The first Black British artist to receive the prestigious Turner Prize, Chris Ofili is best known for his multi-layered paintings, made by a variety of unconventional materials, like map pins or elephant dung. He was also one of the Young British Artists (YBAs), a label applied to a group of artists from Britain who began exhibiting together in the late 1980s. Ofili participated in Brilliant! and Sensation, exhibitions that were associated with the YBAs. The artist gained international fame in 1999, when his painting, The Holy Virgin Mary (1996), became the subject of controversy during the Sensation exhibition at the Brooklyn Museum. The New York mayor at the time, Rudy Giuliani, called the painting 'sick' because of the use of elephant dung and demanded to remove it. The museum resisted Giuliani's demands, and the exhibition went on as planned.

Ofili was born in 1968 in Manchester, England. He received a BA Fine Art at Chelsea School of Art in 1991, and a MA Fine Art at Royal College of Art in 1993. In 1992, Ofili went on a research trip to Zimbabwe, which proved significant to his artistic development. There, he first got the idea of using elephant dung as a way of incorporating Africa's natural environment into his art. While in Zimbabwe, he also saw the ancient cave paintings in the Matobo Hills that had surfaces composed of small dots - a technique Ofili will go on emulating in many paintings. In his art, Ofili deals with issues of black identity and representation, borrowing from a wide range of references that relate to black culture: Blaxploitation movies, hip hop, and African material culture. While paintings, such as The Holy Virgin Mary, Double Captain Shit and the Legend of the Black Stars (1997), and Pimpin' ain't easy (1997), are steeped in irony and humor, they also confront taboos and comment on severe issues of representation.

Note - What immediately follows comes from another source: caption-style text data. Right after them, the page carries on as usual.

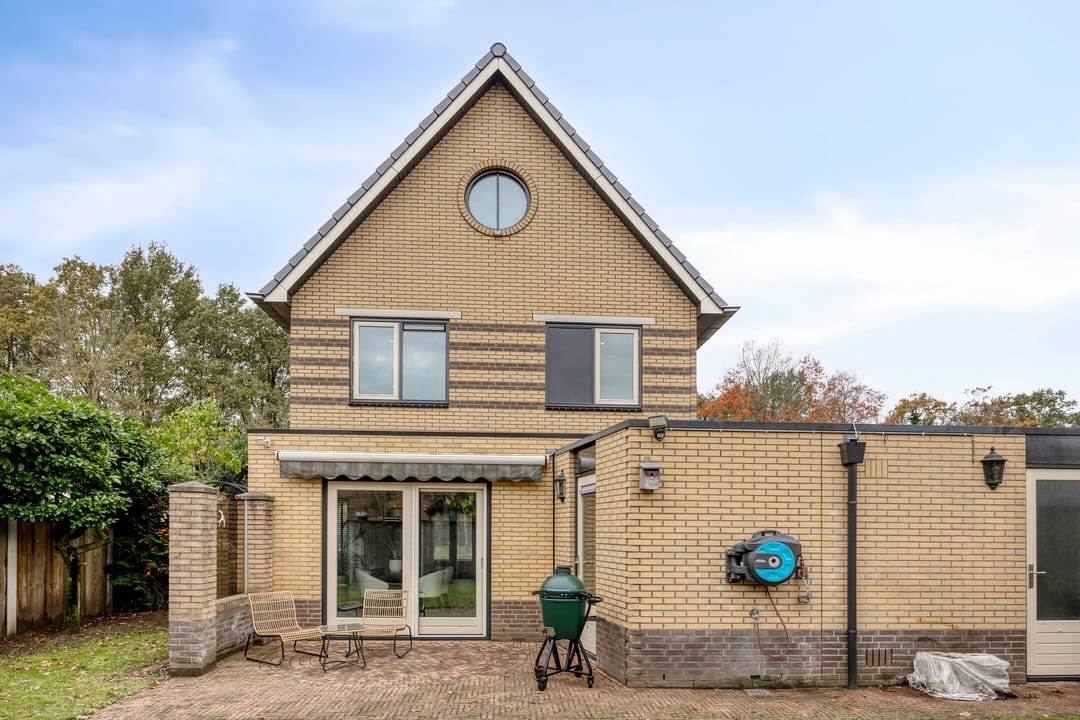 Foto 31 van Margaretha Roosenboomlaan 53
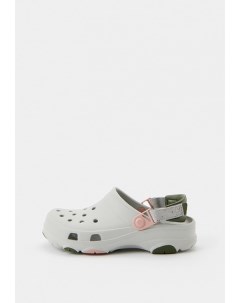 Сабо Crocs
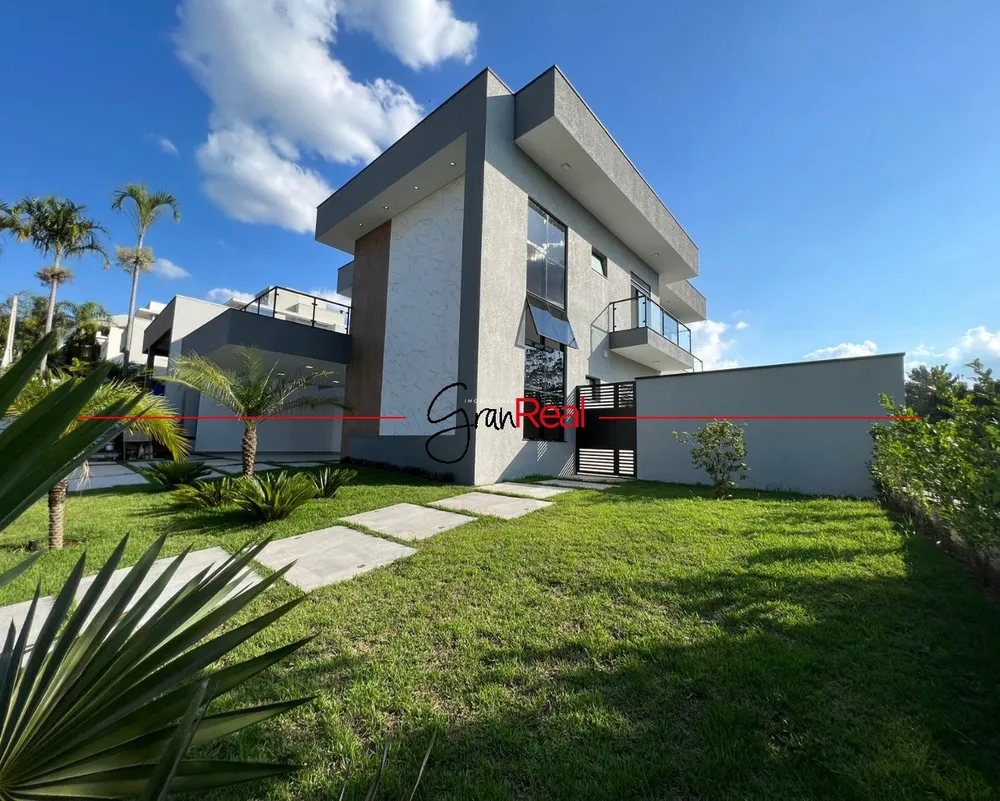Casa de Condomínio, 4 quartos - Foto 6
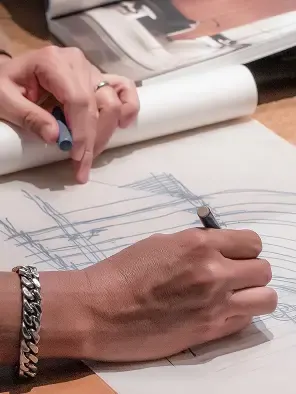 前期规划咨询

In 2002 Ofili created The Upper Room (2002), an installation of 13 paintings, each of which portrays a rhesus macaque monkey. In its unique arrangement, space evoked the atmosphere of a chapel and invited comparisons to the Biblical Last Supper of Jesus and his 12 disciples. When the Tate announced the acquisition of the installation in 2005, Ofili once again found himself amid a controversy. The acquisition was criticized because Ofili was on the board of Tate trustees at the time of the purchase. Another milestone in Ofili's career was the 50th Venice Biennale in 2003, where he and architect David Adjaye collaborated on the exhibition Within Reach at the British Pavilion. Ofili presented a series of red, black, and green paintings that show a vision of paradise inhabited by an Afro couple. From the early 2000s, the artist increasingly became interested in Caribbean culture, and in 2005 he relocated to Trinidad and Tobago. Inspired by the Trinidadian landscape, culture, and folklore, Ofili began painting a blue series of paintings that marked a stylistic shift - paintings like Blue Riders (2006) with a flat surface and a monochromatic palette. Most recently, Ofili began exploring the medium of tapestry. The result, The Caged Bird's Song (2014-2017), was a collaboration with Dovecot Tapestry Studio commissioned by the Clothworkers Company.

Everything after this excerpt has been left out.